“I’m happy in the rich, associative world of recycled glass and other found objects including windows and construction scrap. I focus on that most conventional quality of glass, its transparency. Not flat, not round, my work might be called glass relief. I like the richness of shape and texture produced by slumping and fusing. I like layers. Though often flat my work tries to create illusions of space between overlapped layers of color and by using mirror scraps includes the space in the room around the viewer. I do panels for windows, commissions, and glass that can be shown on interior walls and doesn’t need strong backlighting. I’m interested in light, structure, space, balance, and color in that order. And I like things that are funny. If my glass makes someone laugh, that’s good.”
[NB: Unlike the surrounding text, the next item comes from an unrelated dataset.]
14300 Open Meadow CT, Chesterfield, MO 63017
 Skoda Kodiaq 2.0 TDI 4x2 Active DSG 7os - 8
John Bassett is mostly self-taught in glass. He went to the Harvard Graduate School of Design and worked briefly as a draftsman. He quickly moved up to better pay and shorter hours as a union carpenter. When divorce made him a single parent he became a self-employed builder. He lives in Brookline with his wife, Christina Wolfe, where their four kids, Andrew Wolfe, Sarah Bassett, Julia Wolfe, and Oliver Bassett thrived.
His uncle, Richard Bassett was an artist and encouraged him to see, to think about composition and balance, and to paint and draw. A clever and generous man, Joseph LeBeau worked for his grandmother and made wonderful toy machines from scrap wood, recycled nails, and left over house paint. He gave these toy machines to any kid who wanted them. John learned from Joseph LeBeau the joy of making things, the possibility of using recycled, discarded materials, the possibility of making something from nothing, and the fun of sharing. John has done glass since 1979.